Avery Bradley seems like a humble dude
I know a little bit about Avery Bradley the player, but I hardly know anything about Avery Bradley the person. This piece from ESPN, written before this past season, is a start.
“I told them I wanted to wear zero,” he said. “To me, this is a fresh start. High school doesn’t matter. It’s over. There are no more rankings, any of that. I have to prove myself all over again, so that’s why I wanted to start at zero. Start at the beginning.”
Imagine that.
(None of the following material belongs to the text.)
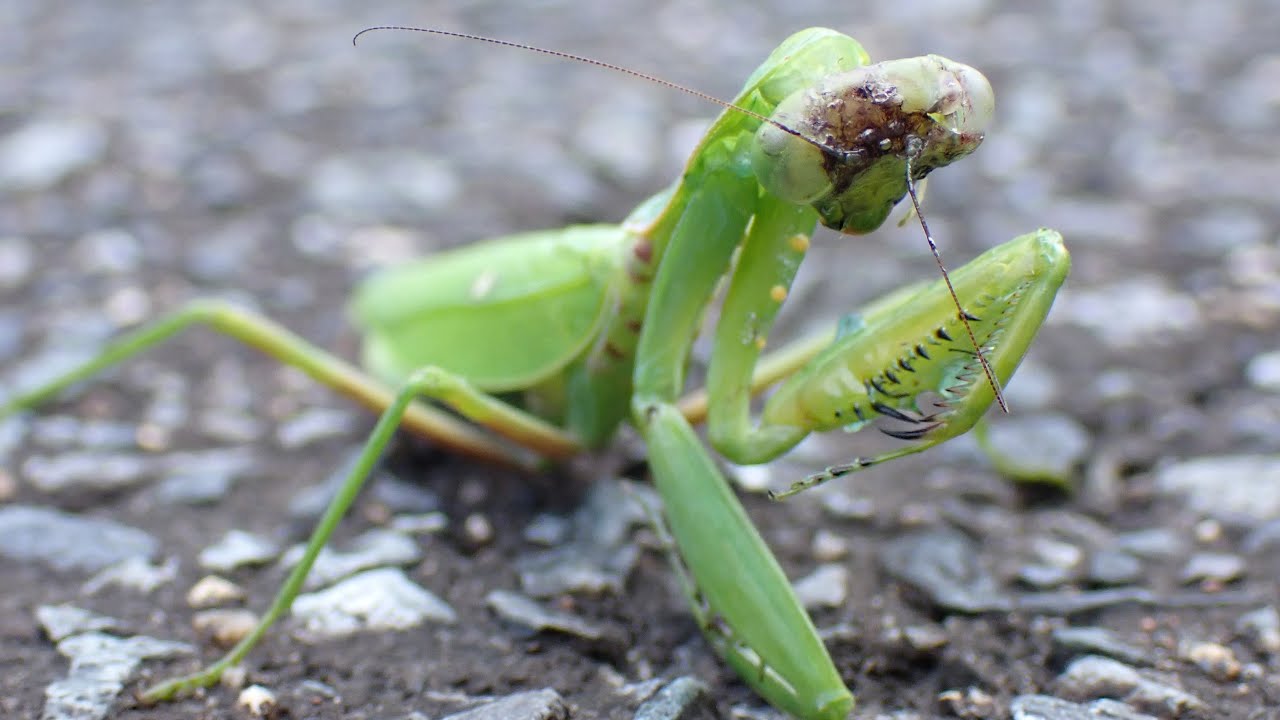 寄生されたカマキリさん路上で車に跳ねられゾンビ化してしまう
No sense of entitlement or grandiosity, two feet planted firmly in Austin and not halfway in the NBA.
You ask Bradley, who many figure for a one-and-done, if he thinks about his future and he sheepishly says, “People tell me I have potential, but until I go out there and prove it, what people say or think about me doesn’t matter.”
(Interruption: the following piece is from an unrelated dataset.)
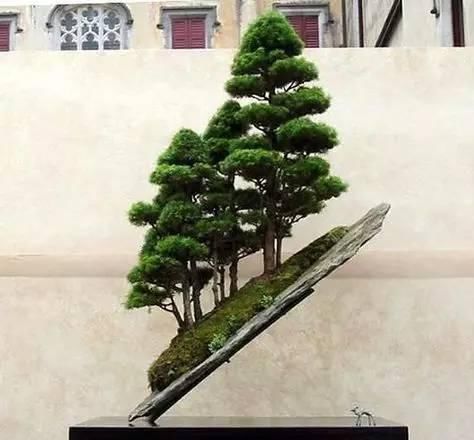 60例盆景树种，总有属于你的那棵（建议收藏）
There’s a word for kids like Bradley.
In a sad testimony to the state of the game today, that word is throwback.
“The thing about Avery, he doesn’t come in here thinking he knows everything,” Texas coach Rick Barnes said during the recent Big 12 media day in Kansas City. “He came in here this summer to work out with Kevin [Durant] and Justin Mason and he was like a little puppy, following them around. He’s just got it figured out.”
So Avery Bradley was the number one high school recruit (ahead of John Wall, who — this is absurd — was cut from his high school team as a sophomore), but had no ego about it? I don’t know whether to say that’s a good or bad thing. It would definitely be good if he came in, destroyed all opponents and just didn’t want any credit for it. But he didn’t do that. Instead, he came in as the number one recruit and then failed to live up to expectations, averaged only 11 points and 2 assists, and was generally the biggest disappointment in the entire state of Texas. So maybe he should be more egotistical.
If it was a bigger head he needed, maybe Bradley has gotten it: He said his goal for next season is to win Rookie of the Year. I guess he forgot that Doc Rivers doesn’t play rookies and, even if he does break through Doc’s unwritten rule of benching all first-year players, Bradley will have to battle Rajon Rondo for playing time. Methinks Rookie of the Year is just a little bit out of the question.